The method of claim 13, further comprising indicating one of said locking position and an unlocked position, said unlocked position being indicated when said tip portion (15a) of said lance check pin (15) engages an end portion of said lance (34) disposed within the lance flexing space (32a).
The method of claim 17, wherein said indicating includes operatively connecting said lance check pin (15) to an electrical contact member (17) that contacts said terminal (33) when the terminal (33) is in the locking position, and does not contact the terminal (33) when the terminal (33) is in the unlocked position.
The method of claim 18, wherein the indicating includes connecting the lance check pin (15) and the electrical contact member (17) to a slider (14), thus forming an inspection unit provided within an examination device.
The method of claim 19, wherein the indicating includes sliding the inspection unit within said examination device against the bias of a spring (16) during the inserting when the tip portion (15a) of the lance check pin (15) engages said end portion of said lance (34) and the terminal (33) is in the unlocked position, whereby the electrical contact portion does not contact the terminal (33).

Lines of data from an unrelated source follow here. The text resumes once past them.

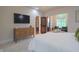 Bedroom with sitting area, tv, dresser and ensuite entrance at 11911 W Grandview Dr, Columbus, IN 47201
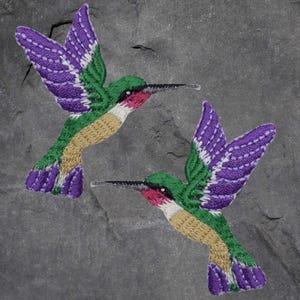 May include: Two embroidered hummingbird patches with purple wings, green bodies, and red throats. The hummingbirds are facing opposite directions.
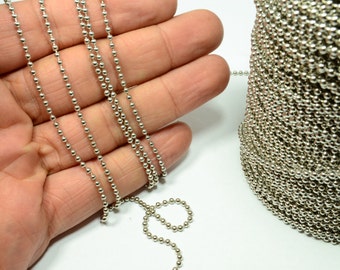 May include: A silver ball chain with multiple strands, shown on a hand and coiled up. The chain is made of small, round metal beads.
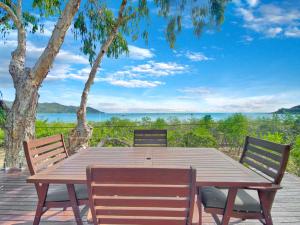 a wooden table and chairs with a view of the ocean at Absolute Beachfront and Pool House in Horseshoe Bay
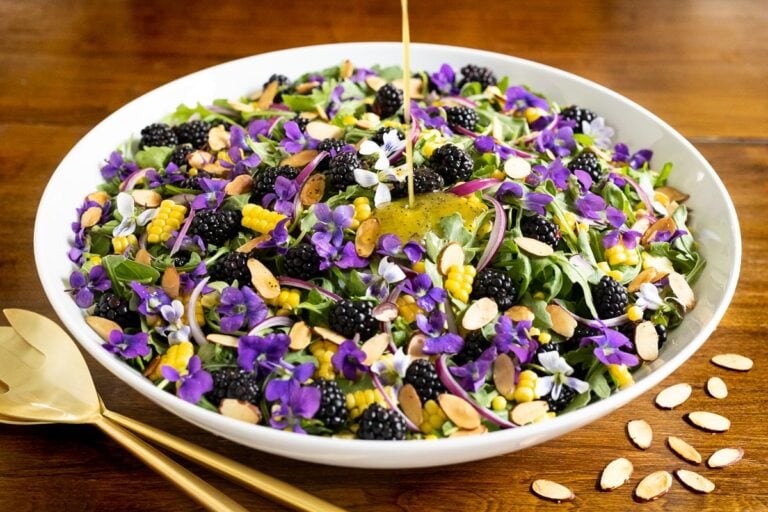 Horizontal closeup photo of a Fresh Corn Blackberry Arugula Salad decorated with flowers on a wood table.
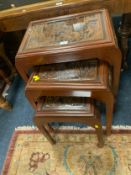 A carved hardwood eastern nest of three tables with glass tops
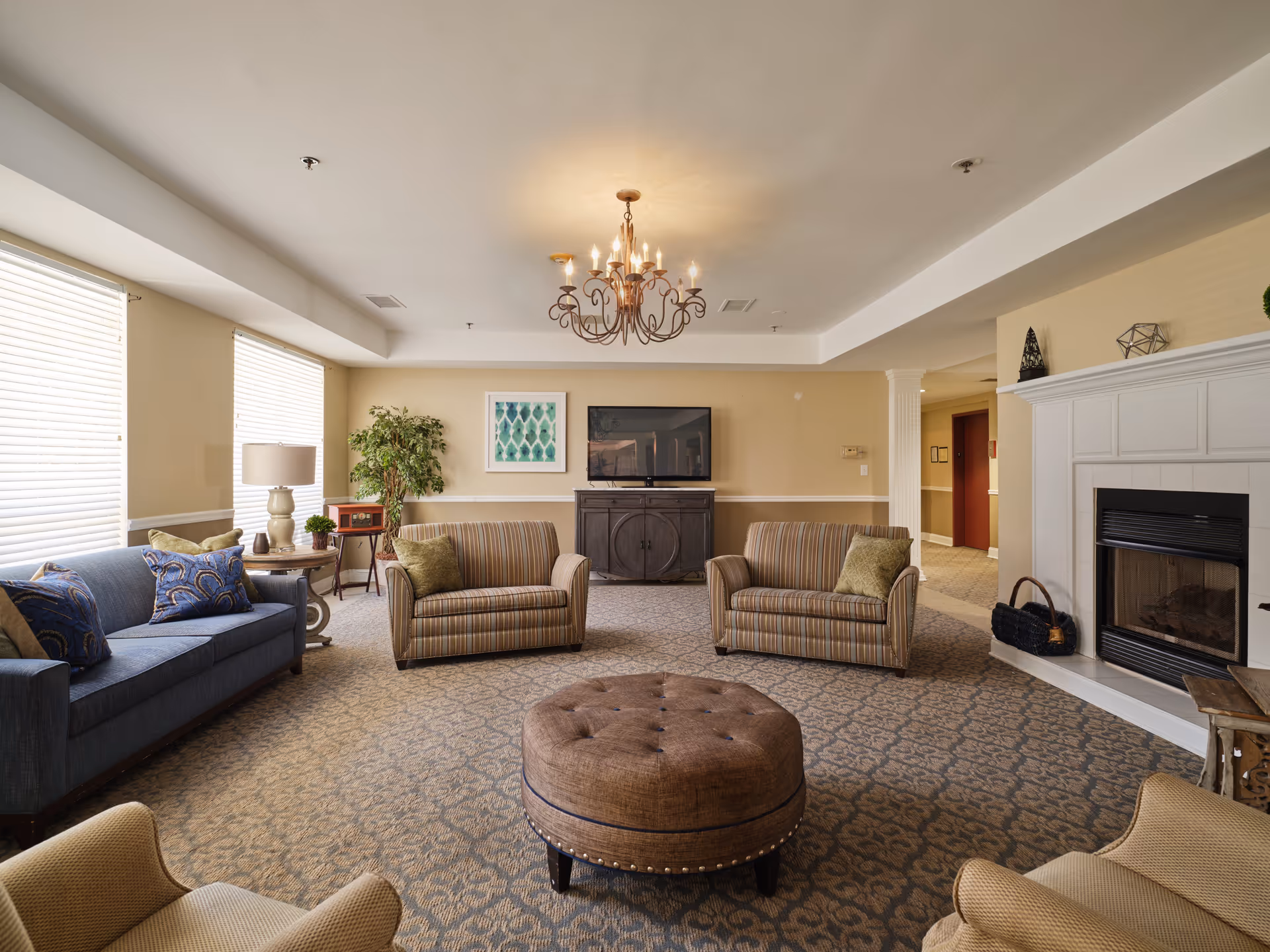 A cozy living room in an assisted living facility featuring a blue sofa with patterned pillows, two striped armchairs with green cushions, a round brown ottoman in the center, a fireplace on the right, a TV mounted on a cabinet against the far wall, a chandelier hanging from the ceiling, and large windows with blinds letting in natural light.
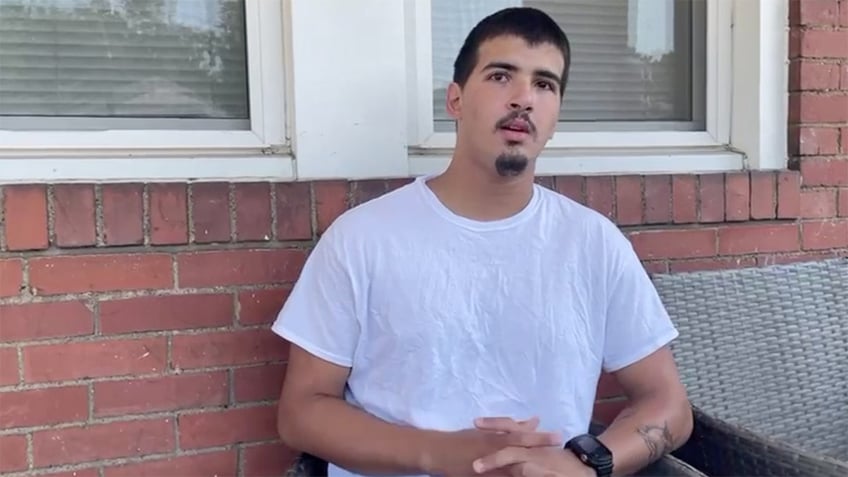 Vincent Taormina wearing a white T-shirt while answering questions on his front porch near Pittsburgh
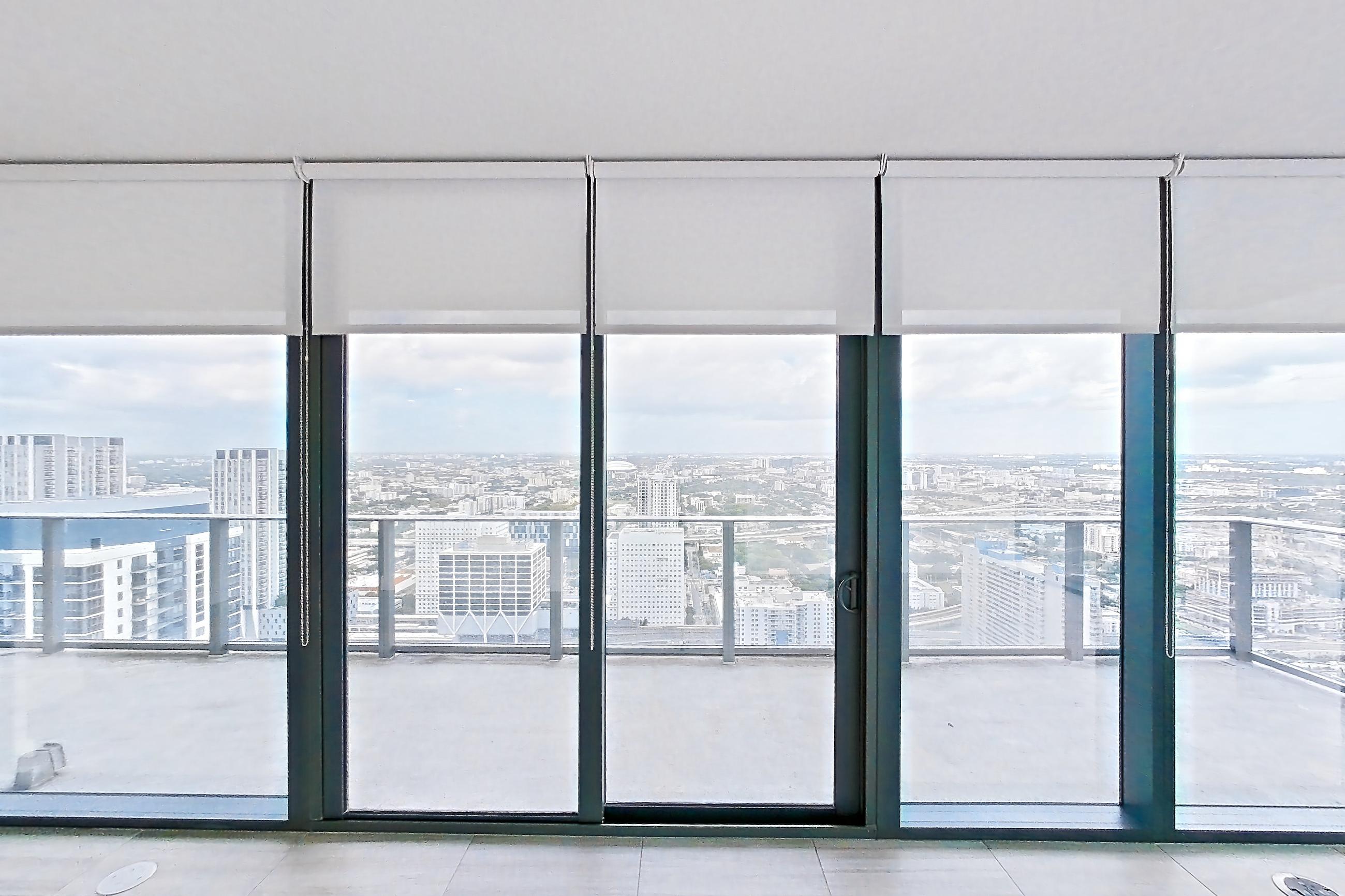 Living room with city view and light tile flooring, Apartment 5201 at Miami World Tower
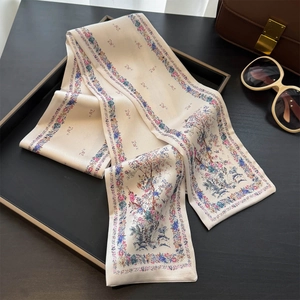 Dettaglio di un foulard in seta con stampa floreale su un vassoio di moda in pelle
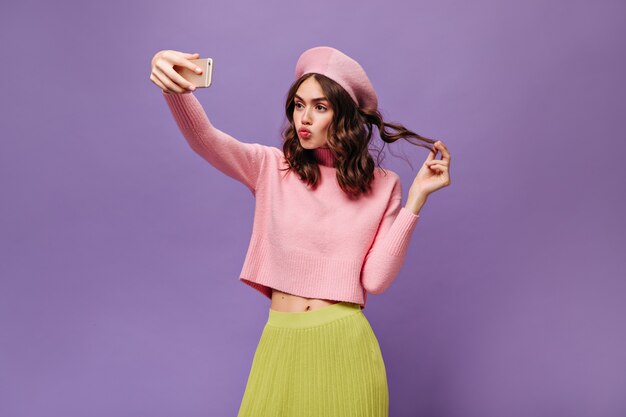 Encantadora chica morena toca el cabello, sostiene el teléfono inteligente y toma selfie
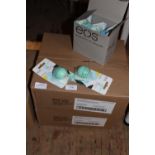 Two boxes of new EOS lip balms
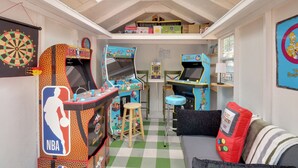 Una habitación con juegos de arcade, un sofá y un dardo.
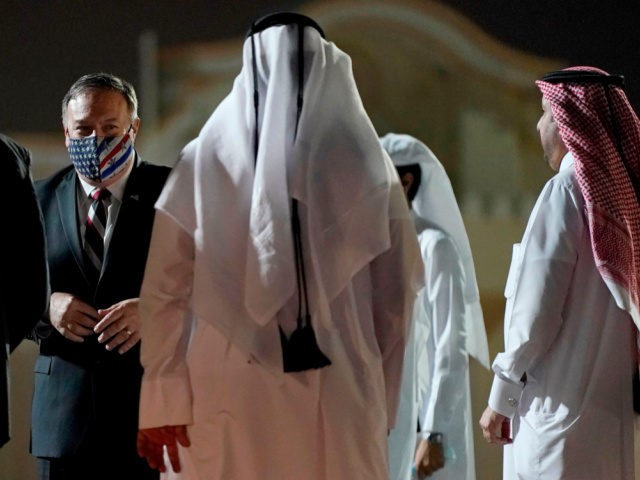 US Secretary of State Mike Pompeo prepares to board his plane at the Old Doha International airport in the Qatari capital Doha, on November 21, 2020. - Pompeo met with negotiators from the Afghan government and the Taliban in Qatar, and will finish his tour with a stop in Saudi …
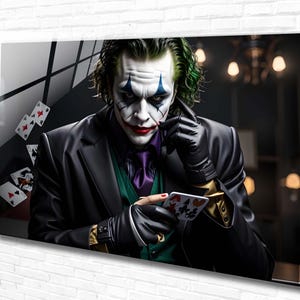 May include: A close-up portrait of the Joker, a fictional character from the Batman comics, with green hair, white face paint, and a red smile. He is wearing a black suit, a purple tie, and a green vest. He is holding a deck of playing cards in his hand and looking directly at the viewer.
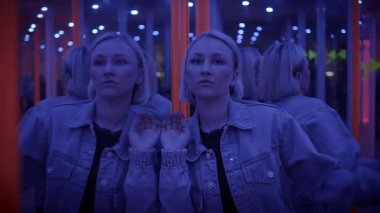 Genç bir kadın ayna labirentinin içinde parlak fütüristik bir ortamda yansımaları ve ışıkları var.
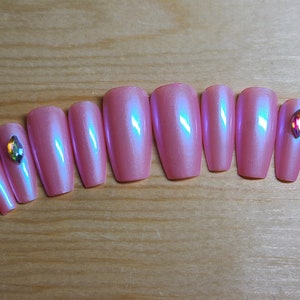 May include: Set of ten pink iridescent coffin-shaped false nails with rhinestones.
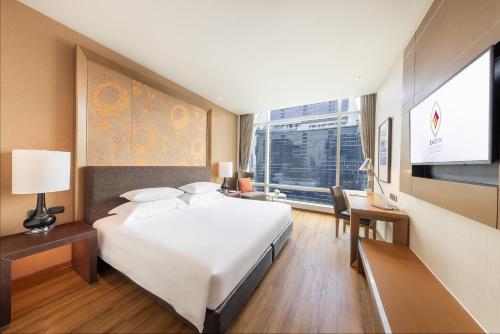 Habitación Doble Superior Sky - 1 o 2 camas del hotel Eastin Grand Sathorn Bangkok. Foto 1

The method of claim 18, wherein the indicating includes connecting the electrical contact member (17) to a circuit for signaling the locking position and the unlocked position.
The method of claim 13, further comprising providing the connector housing (31) on a first support (43), providing the lance check pin (15) on a second support (11), and moving the first and second supports toward each other to inspect the position of the terminal (33).
The method of claim 22, further comprising providing one of the first and second supports with a crank (42), and using the crank (42) to reciprocate the connector housing (31) back and forth with respect to the lance check pin (15).